Assignment: Skip the images and copy each record exactly as written.

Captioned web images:
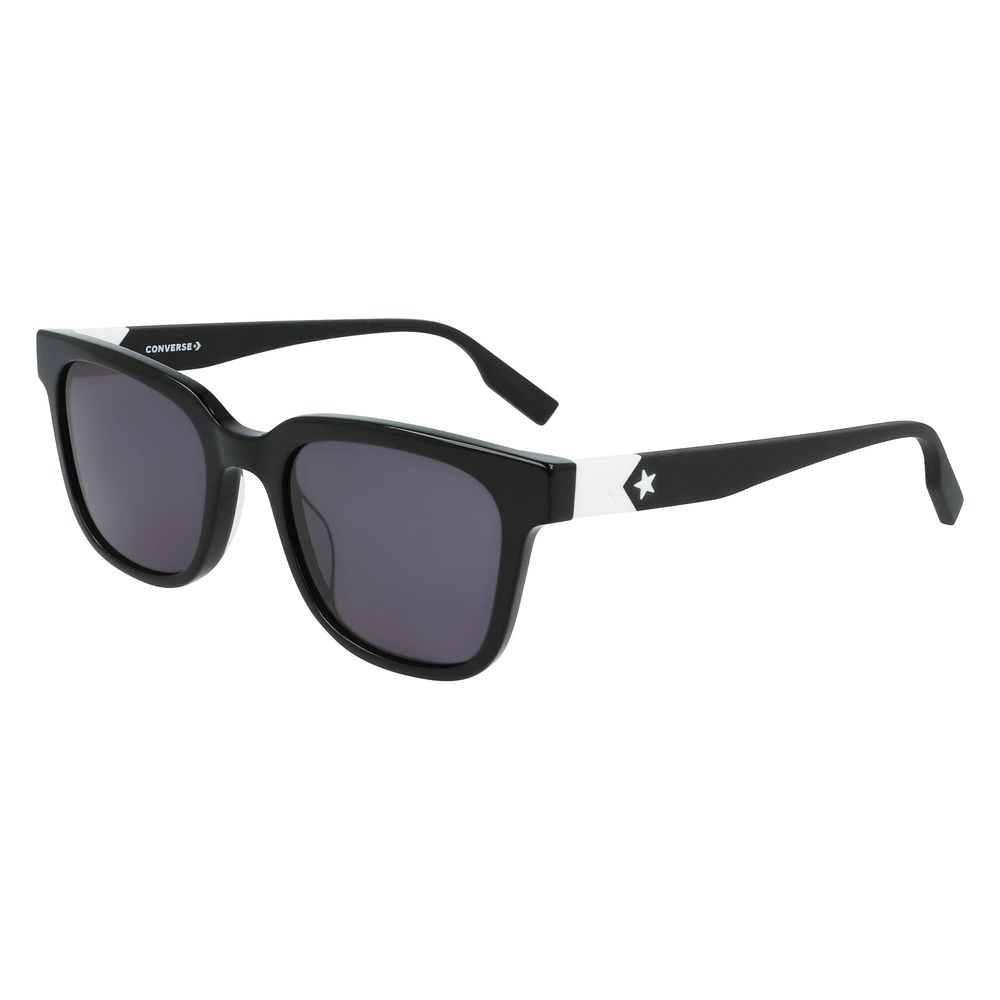 Converse Black Acetate Sunglasses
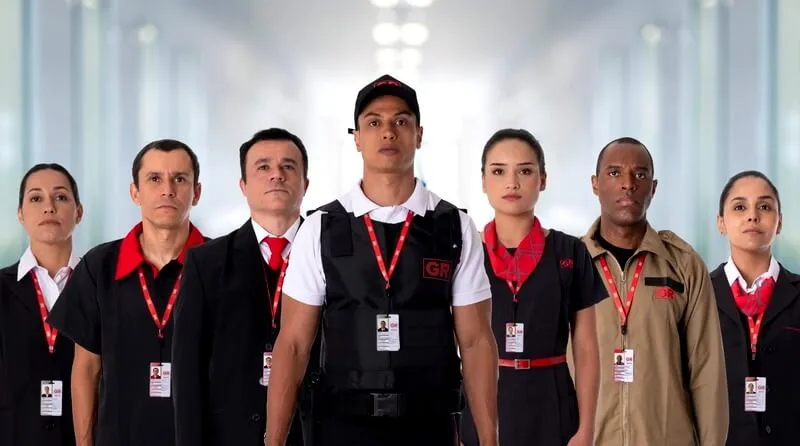 Foto de Capa: Divulgação / Grupo GR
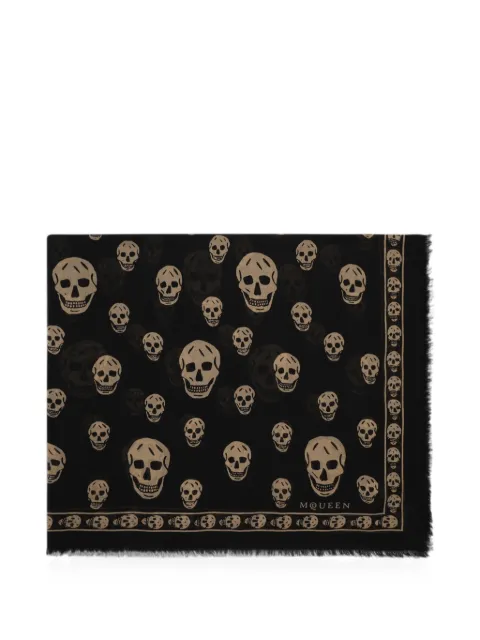 Alexander McQueen Alexander McQueen Scarfs
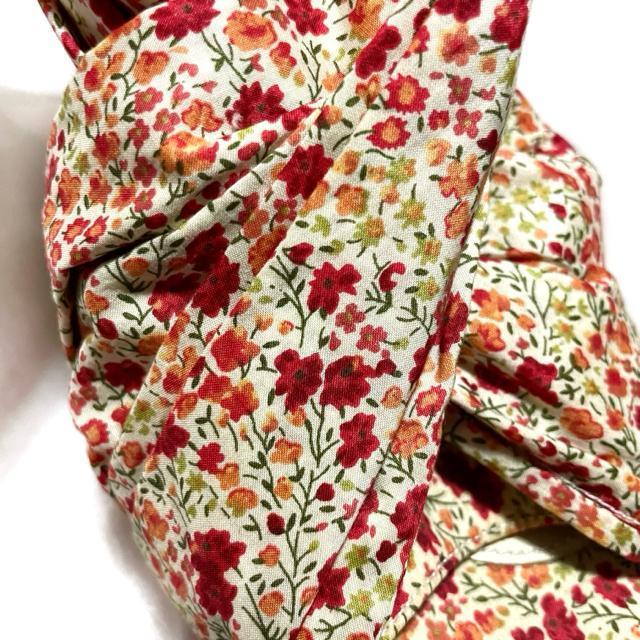 ヴィヴィアンウエストウッド 希少 小花柄リボン ウェッジソール シューズ < 女性ファッション ヴィヴィアンウエストウッド 希少 小花柄リボン ウェッジソール シューズ < 女性ファッションの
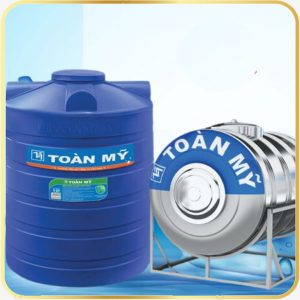 Bồn nước Toàn Mỹ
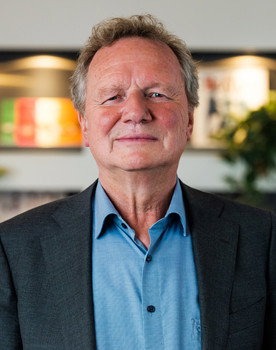 Bram van Ojik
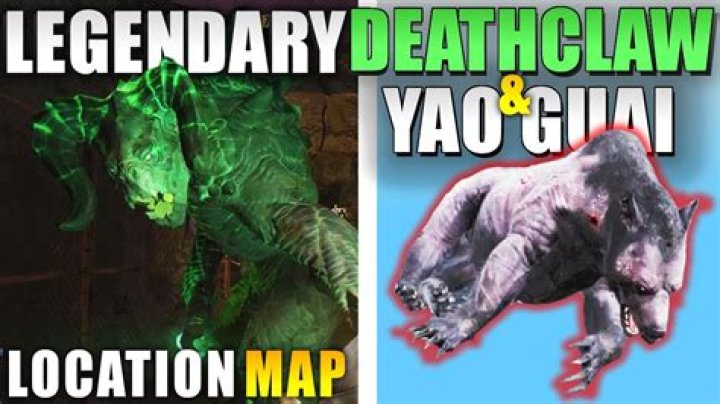 Is there any loot in the Yao Guai Cave?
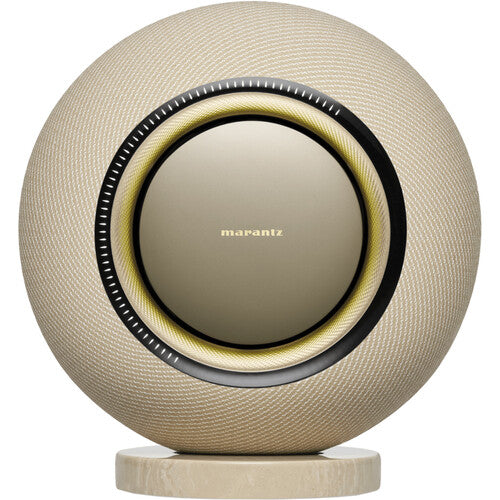 Marantz Horizon Reference Altavoz Inalámbrico 310W 3 Vías Champagne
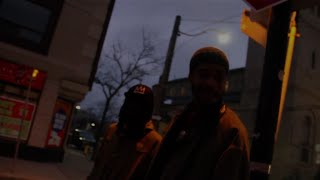 Junia-T ft Briskinthehouse - My My My (Prod. Big Sproxx) | OFFICIAL VIDEO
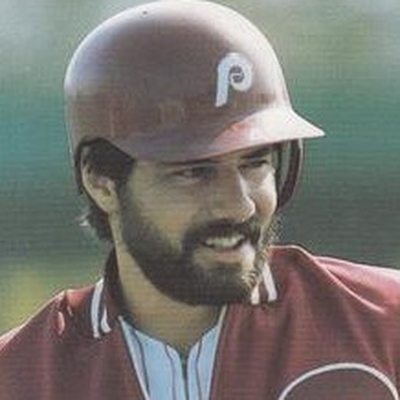 Steve Bedrosian Autograph Profile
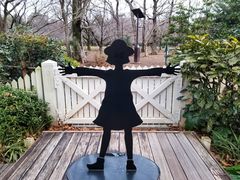 -三鹰之森吉卜力美术馆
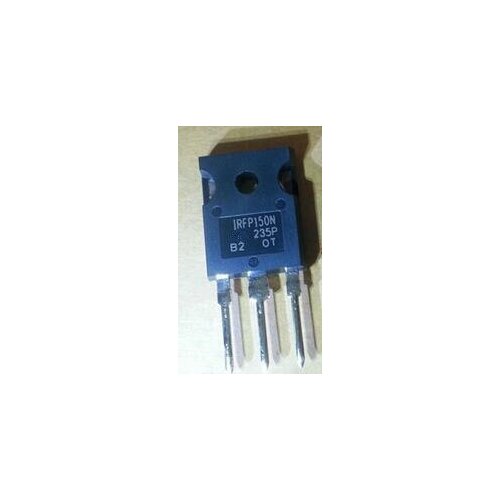 5pcs/lot IRFP150 IRFP150N IRFP150NPBF TO-3P new and Original In Stock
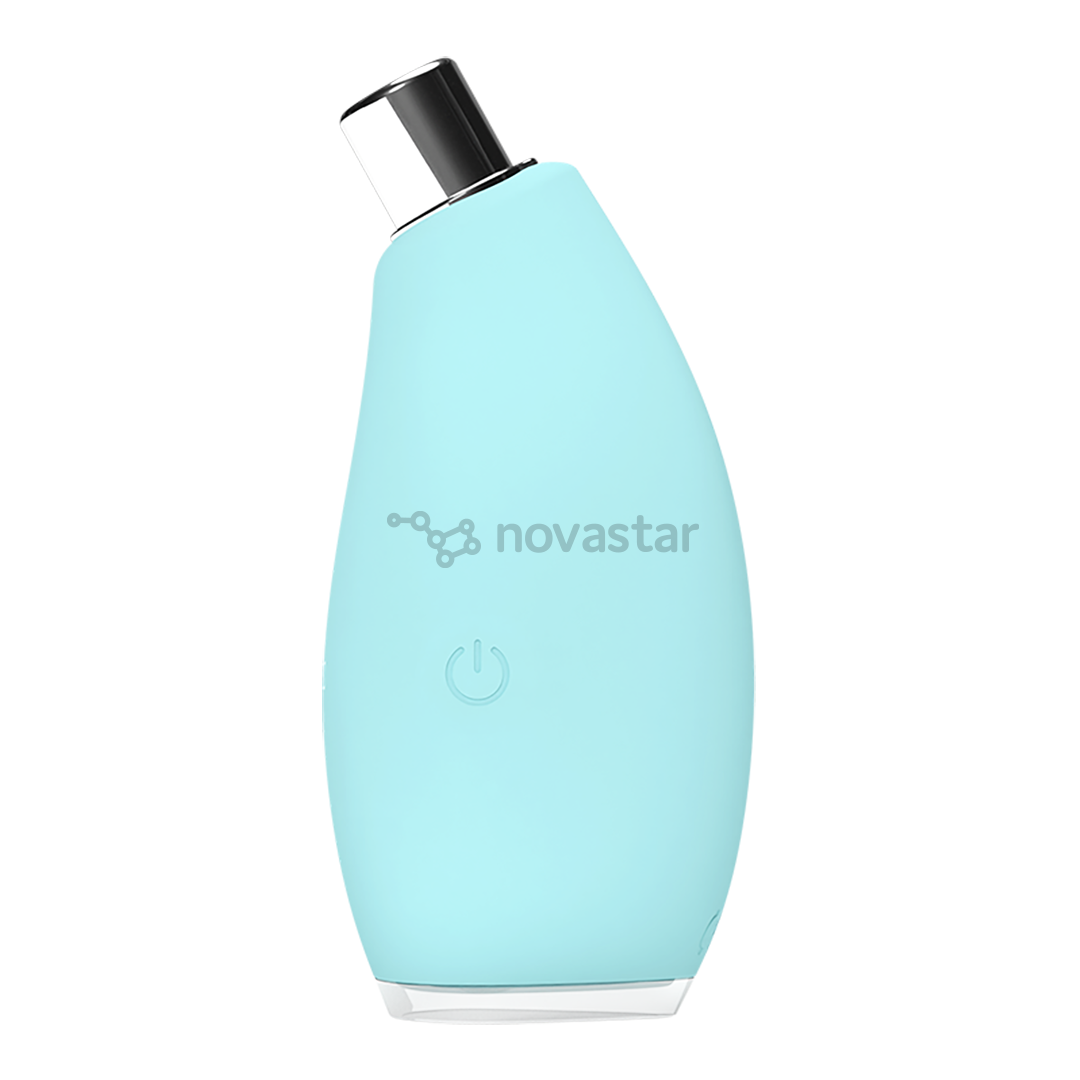Foreo Kiwi, голубой - Прибор для удаления черных точек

Problem solution:
 Converse Black Acetate Sunglasses
 Foto de Capa: Divulgação / Grupo GR
 Alexander McQueen Alexander McQueen Scarfs
 ヴィヴィアンウエストウッド 希少 小花柄リボン ウェッジソール シューズ < 女性ファッション ヴィヴィアンウエストウッド 希少 小花柄リボン ウェッジソール シューズ < 女性ファッションの
 Bồn nước Toàn Mỹ
 Bram van Ojik
 Is there any loot in the Yao Guai Cave?
 Marantz Horizon Reference Altavoz Inalámbrico 310W 3 Vías Champagne
 Junia-T ft Briskinthehouse - My My My (Prod. Big Sproxx) | OFFICIAL VIDEO
 Steve Bedrosian Autograph Profile
 -三鹰之森吉卜力美术馆
 5pcs/lot IRFP150 IRFP150N IRFP150NPBF TO-3P new and Original In Stock
Foreo Kiwi, голубой - Прибор для удаления черных точек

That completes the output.